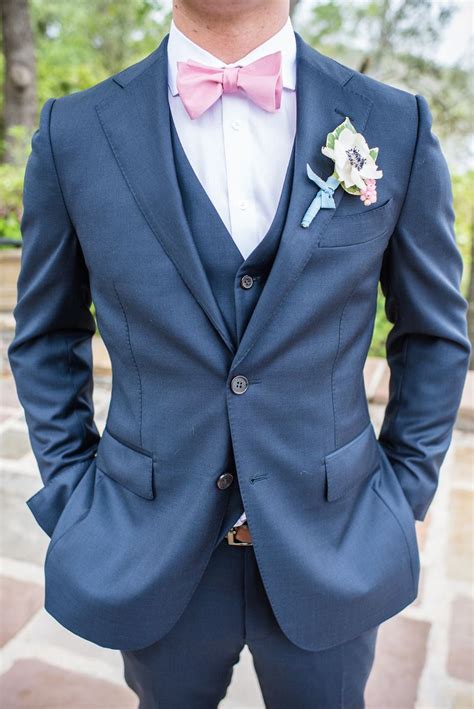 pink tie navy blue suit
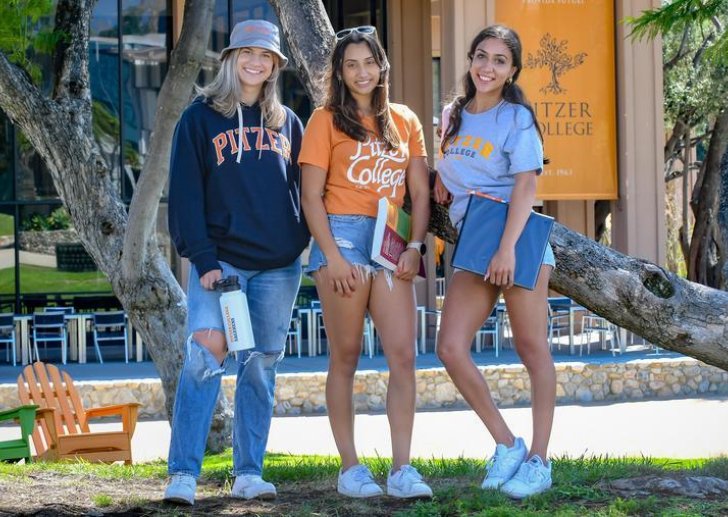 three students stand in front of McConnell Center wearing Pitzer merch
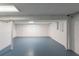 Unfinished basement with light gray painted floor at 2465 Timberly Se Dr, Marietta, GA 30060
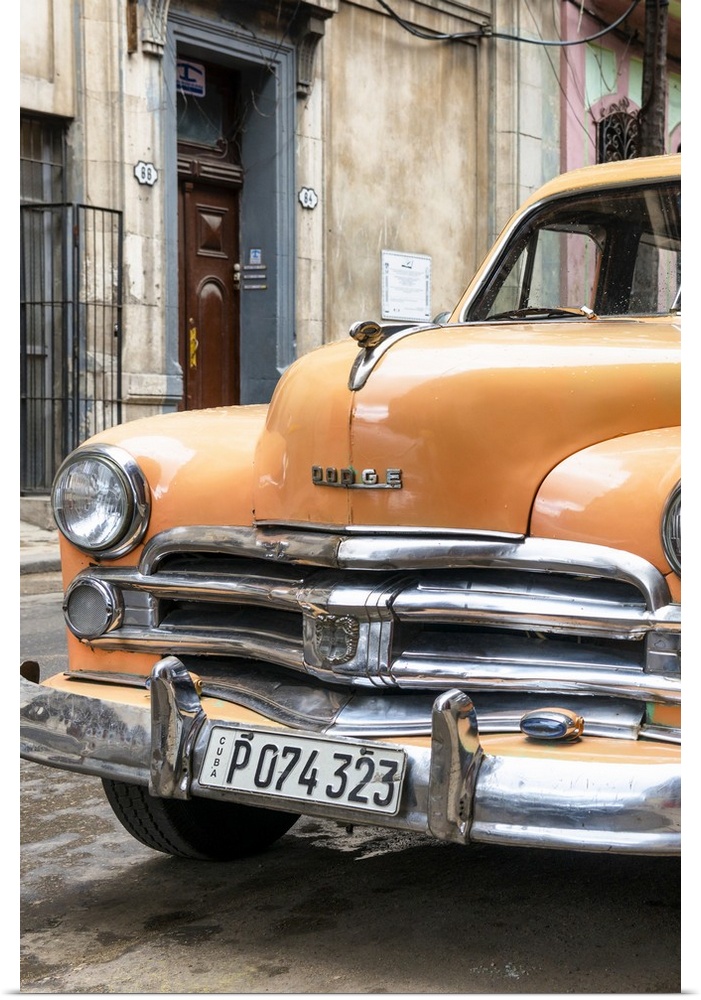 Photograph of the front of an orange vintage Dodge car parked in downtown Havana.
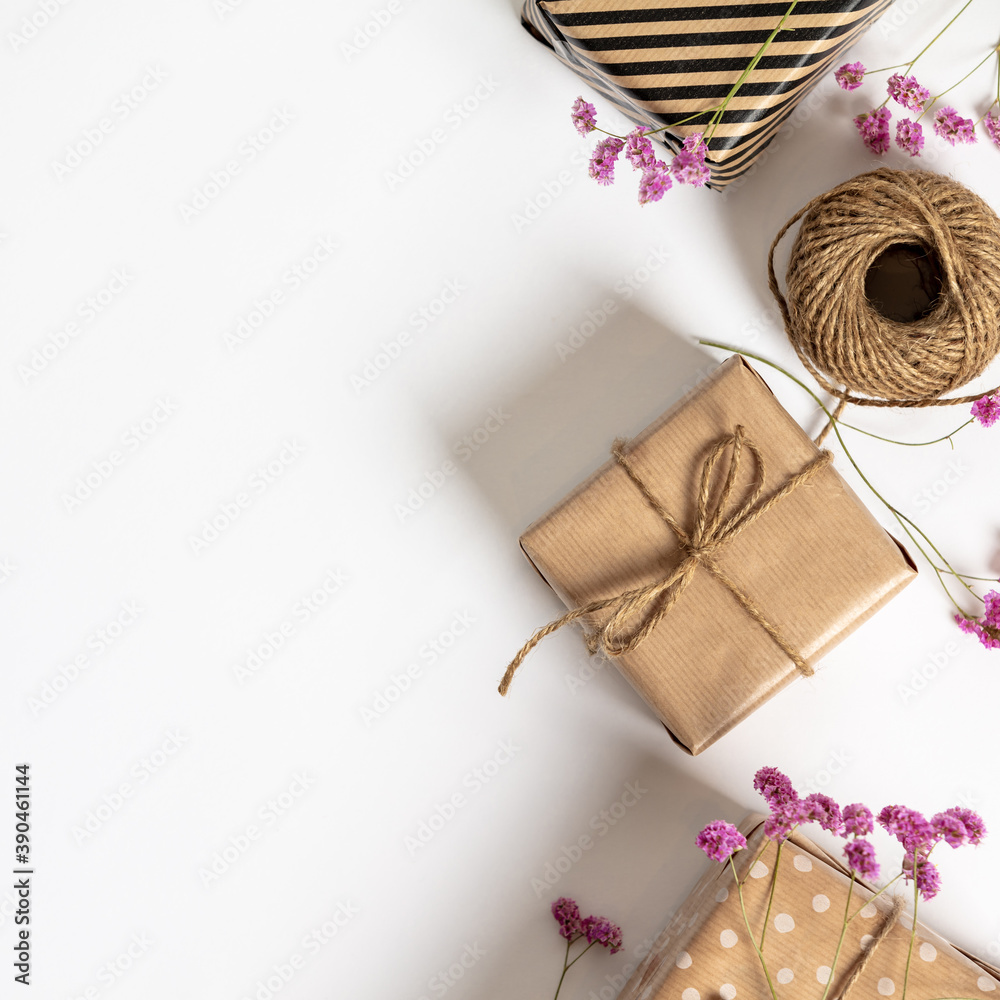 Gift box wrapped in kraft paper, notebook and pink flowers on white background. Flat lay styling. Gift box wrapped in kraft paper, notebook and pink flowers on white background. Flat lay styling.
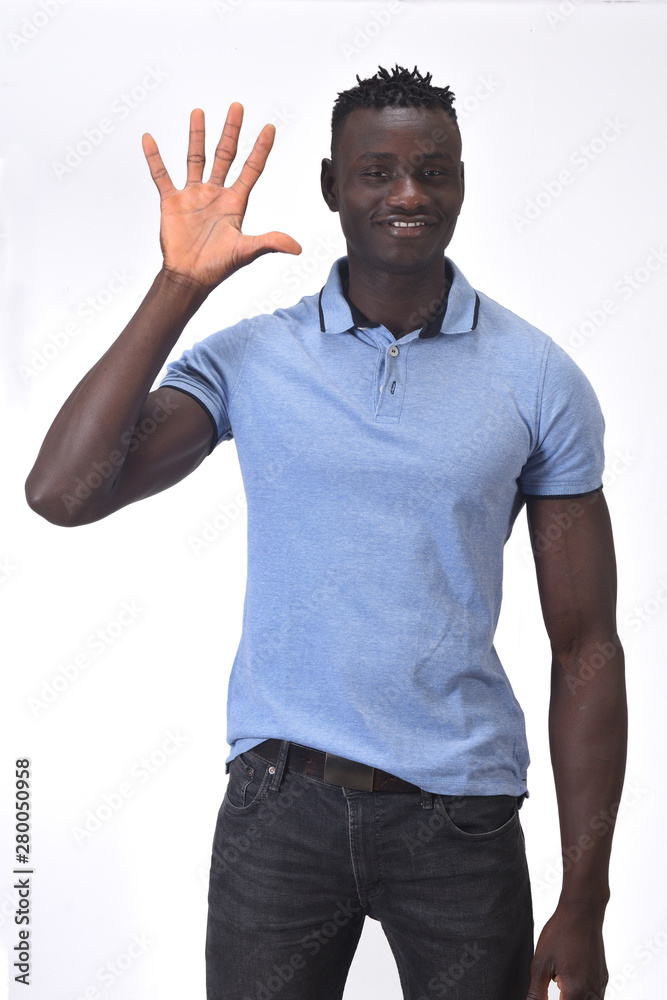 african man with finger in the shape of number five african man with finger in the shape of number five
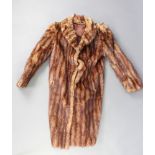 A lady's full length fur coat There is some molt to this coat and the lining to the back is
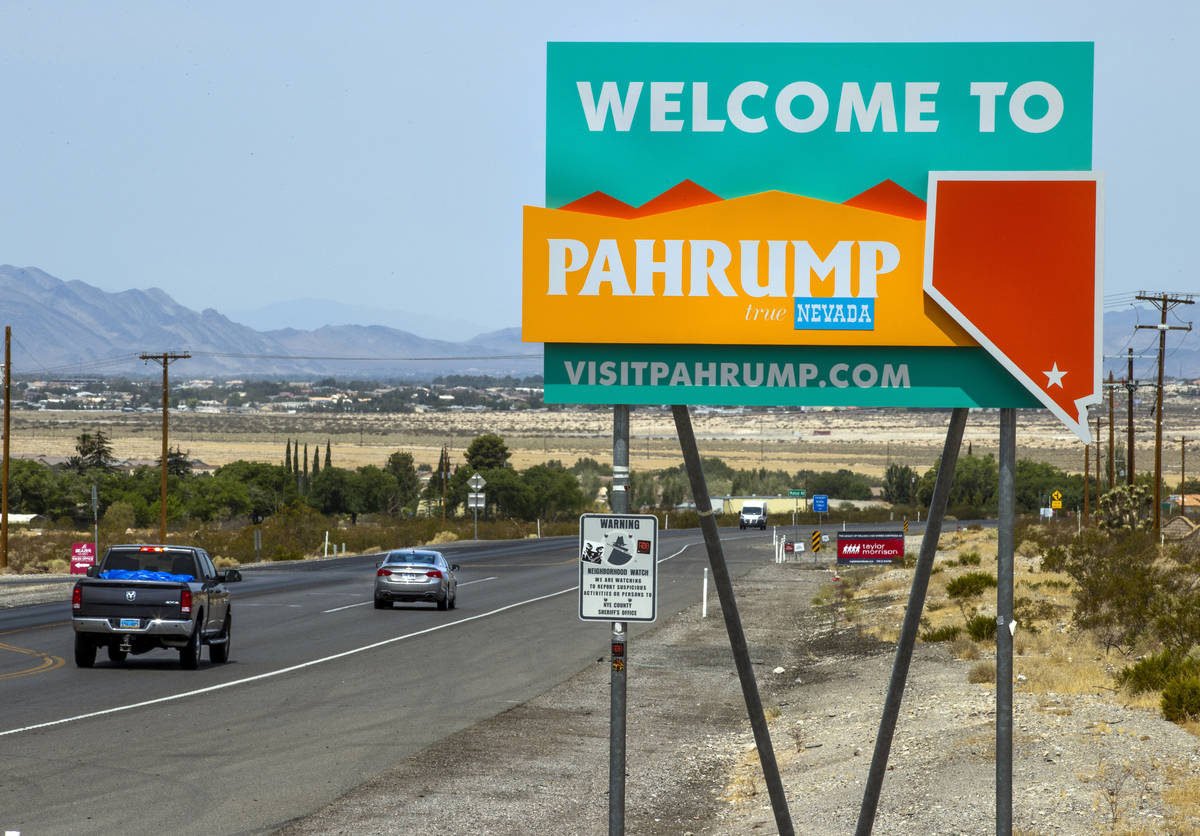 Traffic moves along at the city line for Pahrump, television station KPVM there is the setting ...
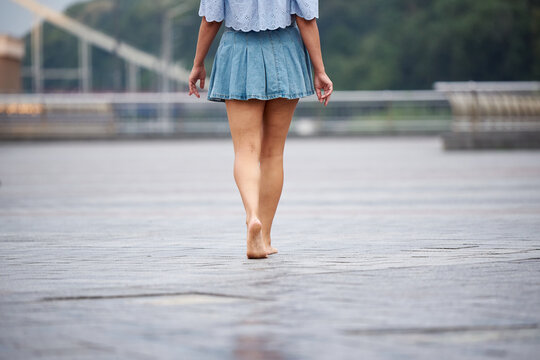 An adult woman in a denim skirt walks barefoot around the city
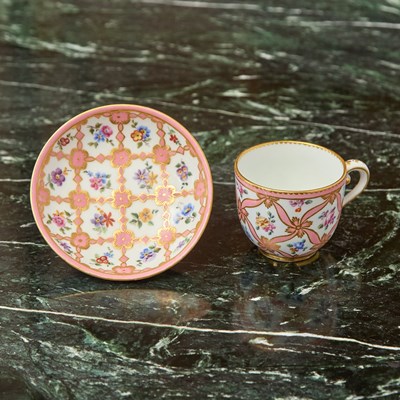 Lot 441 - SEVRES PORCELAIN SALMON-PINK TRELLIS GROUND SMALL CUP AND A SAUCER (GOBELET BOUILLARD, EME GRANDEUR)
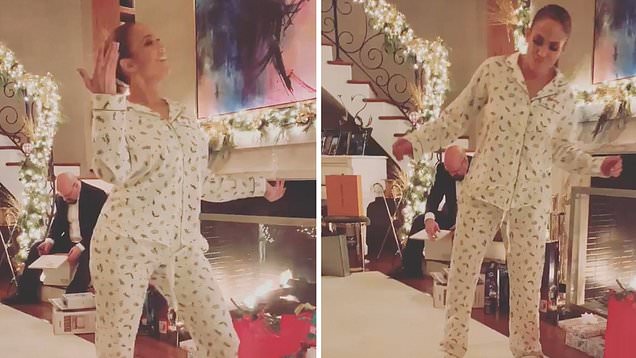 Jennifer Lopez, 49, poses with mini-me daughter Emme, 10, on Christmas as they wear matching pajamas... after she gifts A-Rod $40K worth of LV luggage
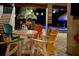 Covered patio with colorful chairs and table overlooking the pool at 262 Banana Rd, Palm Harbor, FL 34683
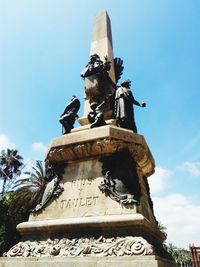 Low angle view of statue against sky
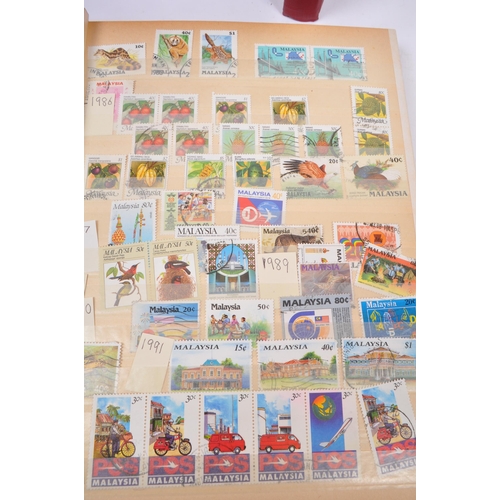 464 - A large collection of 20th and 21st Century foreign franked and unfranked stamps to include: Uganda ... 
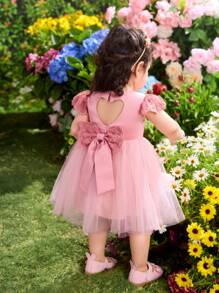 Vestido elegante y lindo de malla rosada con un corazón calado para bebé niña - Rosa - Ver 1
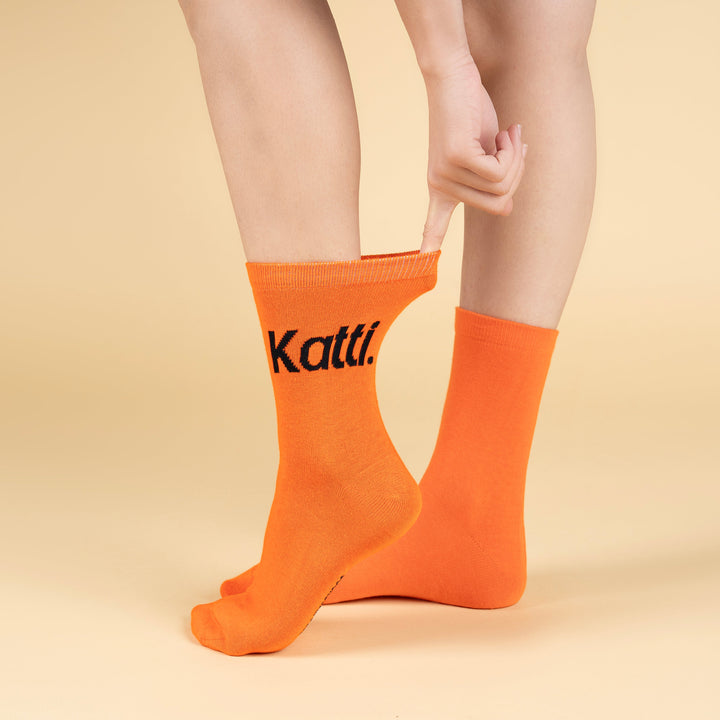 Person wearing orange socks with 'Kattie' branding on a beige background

☆ ☆ ☆

The required output is an exact copy of the lines from the one with "Unfinished basement with" through the final line of the data above, with pictures removed.

 Unfinished basement with light gray painted floor at 2465 Timberly Se Dr, Marietta, GA 30060
 Photograph of the front of an orange vintage Dodge car parked in downtown Havana.
 Gift box wrapped in kraft paper, notebook and pink flowers on white background. Flat lay styling. Gift box wrapped in kraft paper, notebook and pink flowers on white background. Flat lay styling.
 african man with finger in the shape of number five african man with finger in the shape of number five
 A lady's full length fur coat There is some molt to this coat and the lining to the back is
 Traffic moves along at the city line for Pahrump, television station KPVM there is the setting ...
 An adult woman in a denim skirt walks barefoot around the city
 Lot 441 - SEVRES PORCELAIN SALMON-PINK TRELLIS GROUND SMALL CUP AND A SAUCER (GOBELET BOUILLARD, EME GRANDEUR)
 Jennifer Lopez, 49, poses with mini-me daughter Emme, 10, on Christmas as they wear matching pajamas... after she gifts A-Rod $40K worth of LV luggage
 Covered patio with colorful chairs and table overlooking the pool at 262 Banana Rd, Palm Harbor, FL 34683
 Low angle view of statue against sky
 464 - A large collection of 20th and 21st Century foreign franked and unfranked stamps to include: Uganda ... 
 Vestido elegante y lindo de malla rosada con un corazón calado para bebé niña - Rosa - Ver 1
 Person wearing orange socks with 'Kattie' branding on a beige background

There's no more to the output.